This is one hell of a slippery slope. Simon Prast tried this one on at the Auckland Theatre Company a few years ago, and it got him nowhere. It did stimulate discussion on the role of critics in the arts and also went some way to raising the standards of arts criticism locally, which were/are sketchy at times, but blaming bad art on the critics is short sighted. Yet there's aunty Helen trotting it out, but it's still well dodgy, even if it is coming from our nation's leader.

So, hats off to Matt Nippert of Fighting Talk for winning some awards for his work on Salient.

Walking in light
National Anthem - Great show, some good music, but Jackie freaking Clarke? No, wrong wrong wrong. She may have been in vogue with tv moguls sometime back in the early 90s when Wacky was popular for some godforsaken reason, but not now! She should never be allowed on television ever again. Lifetime ban. She introduced excellent Raglan outfit Cornerstone Roots, using the work 'skanking' in her intro, and made it sound like an insult from your drunk uncle. Fiona Rae in granny Herald said no more Red Bull for Jackie Clarke, but stopped short of slagging 4 Man Bob. They are a zany ska band of not so young rockers dressed in army camouflage pants and tshirts, who jumped around a lot to compensate for a general lack of originality. They also suffered under a bad sound mix. Still, they impressed Simon Barnett. Gee. Patrick Crewdson was there, read what he thought... "On stage, a roadie made us all uncomfortable by wearing a NZ Idol t-shirt. Looking at the size of the audience – which it would be a stretch to refer to as ‘the crowd’ – I wondered aloud if the event had been adequately publicised..."

UPDATE. I have just discovered via Mister Hugh Sundae, that Southland TV had a 12 hour telethon at the weekend to raise funds for an MRI scanner, and raised $675,000 - the organisers were hoping to raise $100,000. TV2's National Anthem, collected $147,626 for 24 hours effort. National Anthem also recieved $500,000 from NZ On Air.

Friday, May 28, 2004

The Joys of Wacky Press Releases
Ant Timpson is rejigging the Incredible Film Festival as part of the International Film Festival in July ...
Timpson exclaims “What can I say?
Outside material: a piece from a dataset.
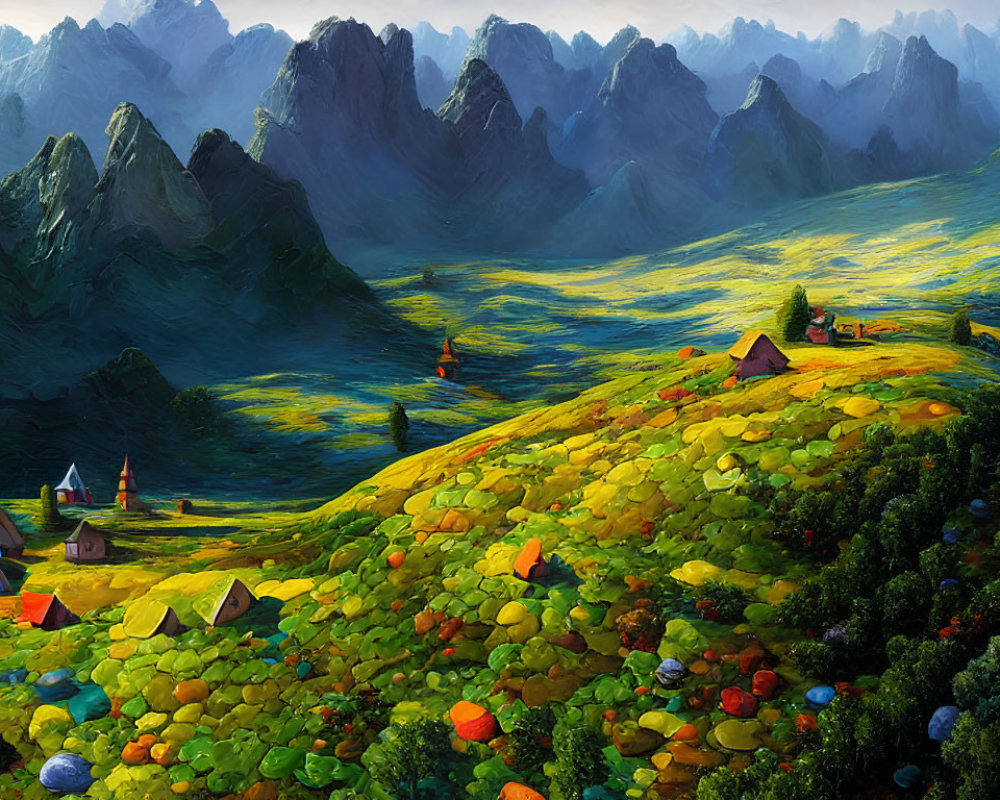 Colorful Landscape Painting: Verdant Valley with Quaint Houses and Church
They made me an offer I couldn’t refuse and I do mean couldn’t (have you seen Bill angry!). Actually this pairing is the natural evolution of the Incredible Film Festival’s life cycle.... This is a fantastic opportunity to be part of Telecom New Zealand Intentional Film Festivals, a vital medium that continues to showcase the very best of International Cinema”.
Intentional Film Festival???

The Insiders Guide to Happiness is wonderfully obtuse, shot thru with dark humour, and its really top notch local drama -watch it! Thursday nights TV2 930pm. Great cast too. And just when you thought TVNZ had killed off local drama, canning Mercy Peak. Aint life grand?

Thursday, May 27, 2004

Thanks to everyone who came down to the Dub Asylum EP launch on Tuesday night (check the cool photos over here). It was a great night, sold lots of EPs.
Dub Asylum feature on National Radio this Saturday 6pm on the Music Mix, and on C4 next Wednesday night on Soundlab with Nick D. There's an interview and the new video, plus some footage of Dan and DLT painting the EP covers. Niceness.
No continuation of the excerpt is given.